I am running ESXi 5.5 on a Dell R620- I got some issue with my Perc Battery which I am researching in another post on the Dell forum

(Controller event log: Battery charging was suspended due to high battery temperature: Controller 0 (PERC H710P Mini)

But in the midst of all this I suddenly got a alert from vCenter-

Health of SEL Changed from gray to red. Sensor name IMPI SEL.

So I researched that- and VMware said to clear event log and then reset sensors.

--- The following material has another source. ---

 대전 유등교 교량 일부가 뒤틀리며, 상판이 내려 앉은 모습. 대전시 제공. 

So I did that and suddenly got new alerts popping up all over the place

Processor 2 Status- Thermal Trip Alert

Processor 2 M23 VDDQ PG 0 Voltage Warning

and Add-in Card 4 ROMB Battery 0 Failed.

Instrumentation ServiceAutomatic System Recovery (ASR) action was performed

Ok- so now I am a little worried -since besides the battery issue I have no idea what these mean. So I immediately log into my iDrac Card- Everything Green. So then I log into OpenManage Server Administrator for my Dell R620 that I installed on ESXi- and it also is everything green.

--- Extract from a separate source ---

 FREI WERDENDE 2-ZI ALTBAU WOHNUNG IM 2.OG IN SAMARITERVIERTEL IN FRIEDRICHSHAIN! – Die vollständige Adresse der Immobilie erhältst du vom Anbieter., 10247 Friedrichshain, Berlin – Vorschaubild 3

Should I re-set these hardare sensors again in vSphere? I didn’t like it when I did it last time! I really have no clue if this is something to worry about. The machine is 40 days old and I am wondering if I can get some sleep or not.

@Dell_Technologies

6 Spice ups

Yikes. This is why I like having multiple host.

vMotion VM’s off, then let the fun begin.

If it is only 40 days old, Call Dell! They have vmware techs, that is going to be your best option!

1 Spice up

Have you actually checked the server location to make sure the server is physically sound, not over heating, room location is cool?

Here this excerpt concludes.